# Lots of Ducks and Good Bucks.  Members needed in McDuffie/Glascock club. 677 acres



## Hadden (May 4, 2013)

This is a new club consisting of two tracts in McDuffie/Warren and Glascock County totaling 677 acres.  The McDuffie/Warren County tract is owned by a Kaolin Company and until this year there properties were only hunted by employees and since the company has lots of land there was very little hunting pressure.

-There will be a total of 12 members @ $650 per member.

-Deer, Ducks and Turkeys are on both tracts.

-Glascock tract is 214 acres with pines, hardwood bottoms and two beaver ponds with good duck hunting.

-McDuffie/Warren County tract is 463 acres with thinned pines, lots of hardwoods with plenty of white oaks and beaver pond that has plenty of ducks.  Little Brier Creek runs through the property and provides a place to do some creek fishing.  This tract has it all.

-A place to camp with water and power will be available.

**Please see the attached pictures and maps**

Also attached are two pictures of deer I killed on the McDuffie county tract.

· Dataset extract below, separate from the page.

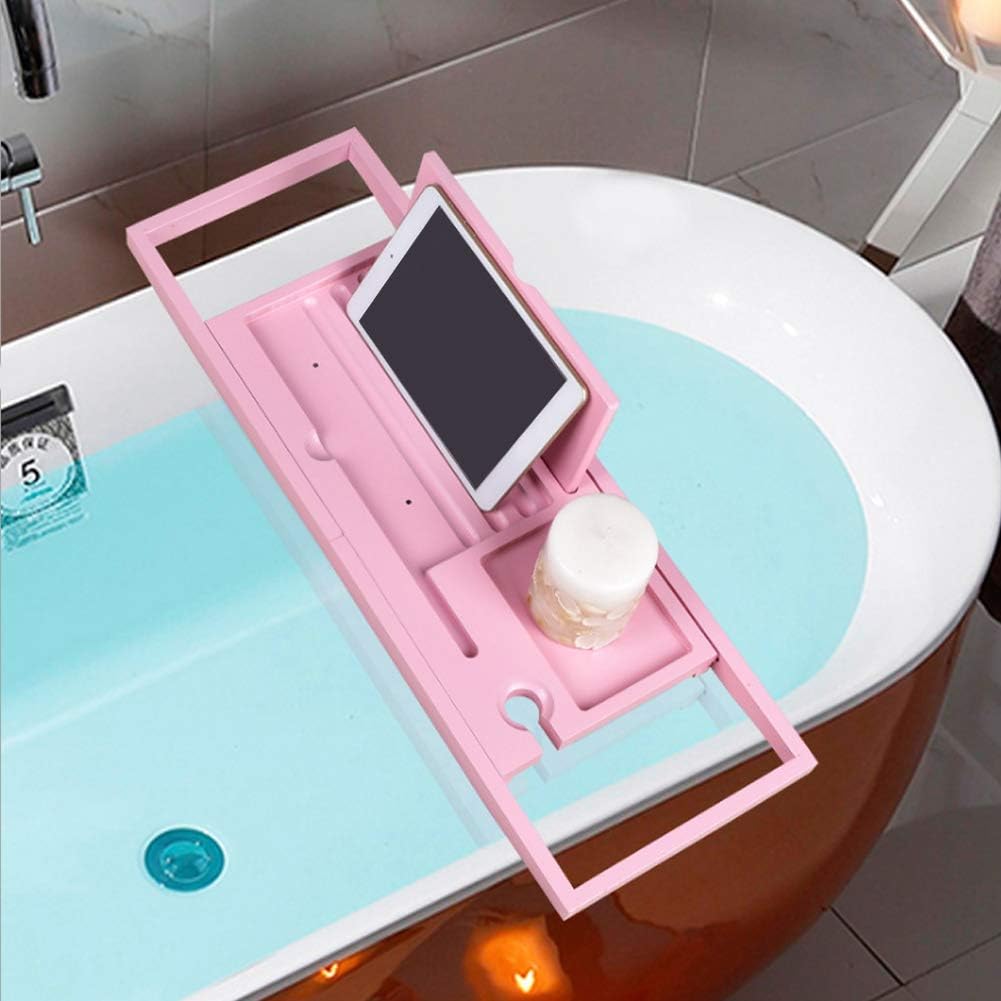 Rozszerzalna bambusowa taca wannowa wysuwany pojemnik na telefon i książki do wina stylowe akcesoria kąpielowe (90 cm różowy) - idealny do relaksu i spa.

Give me a call if you have any question or would like to tour the properties and I also have more pictures of the property I can email to you.

Thanks

Doug Hadden
dhadden1@yahoo.com
706-833-6874


----------



## jp94 (May 6, 2013)

What kind of club rules are you going to have? Is it going to qdm? Will duck hunting be allowed during deer season?


----------



## ghadarits (May 7, 2013)

*Will duck hunting during deer season be OK??*

"Will duck hunting be allowed during deer season?"


----------



## Hadden (May 10, 2013)

*Duck Hunting*

Duck hunting will be allowed in deer season, there are three different beaver ponds between the two tracts.


----------



## Hadden (May 13, 2013)

We only have 6 openings left.


----------



## Leo74 (May 15, 2013)

Hello. I was checking to see if you still have openings in your club.


----------



## 1HAD1 (May 16, 2013)

hey, I talk to him last nite and after today we should be down to four...best way to get him is on his phone


----------



## Leo74 (May 16, 2013)

Thanks. I called and left a message.


----------



## Hadden (Jun 3, 2013)

We have 1 opening left to fill.  If you are interested give me a call at 706-833-6874 or email me at dhadden1@yahoo.com   Thanks!


----------



## jrclickgt (Jan 16, 2014)

Are there any openings for 2014-15?

Thanks,

Josh


----------



## Hadden (Jun 3, 2014)

We have a few openings, please let me know if your interested. Thanks


----------



## Don D (Jun 6, 2014)

I sent you a e-mail I have not heard back yet.


----------



## jap (Jul 31, 2014)

*Openings*

Any more openings


----------



## Hooked On Quack (Jul 31, 2014)

I'm surprised Thiele hasn't cut the timber yet, they sure butchered up the land that butts up to mine.


----------